- **DATA FOR THIS TASK**
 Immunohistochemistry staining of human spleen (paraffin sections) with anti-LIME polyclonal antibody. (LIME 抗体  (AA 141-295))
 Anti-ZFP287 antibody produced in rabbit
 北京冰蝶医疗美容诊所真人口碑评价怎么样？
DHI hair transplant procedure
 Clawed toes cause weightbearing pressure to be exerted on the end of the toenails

==

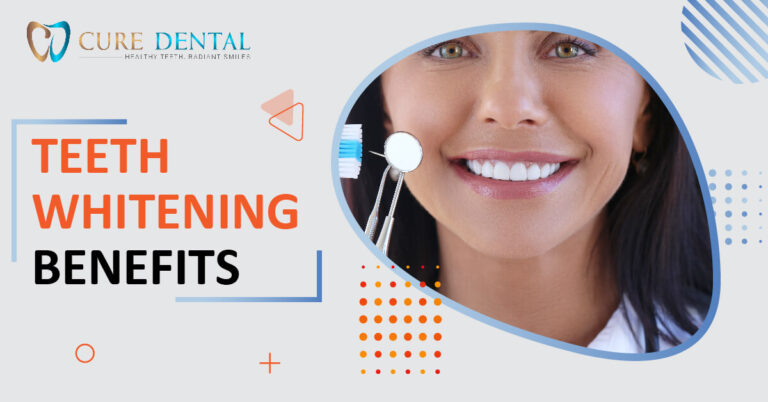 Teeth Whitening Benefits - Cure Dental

- **ASSIGNMENT**
The answer should consist of all lines from the records above that hold the word "antibody".

- **SOLUTION FOR THIS PROBLEM**
 Immunohistochemistry staining of human spleen (paraffin sections) with anti-LIME polyclonal antibody. (LIME 抗体  (AA 141-295))
 Anti-ZFP287 antibody produced in rabbit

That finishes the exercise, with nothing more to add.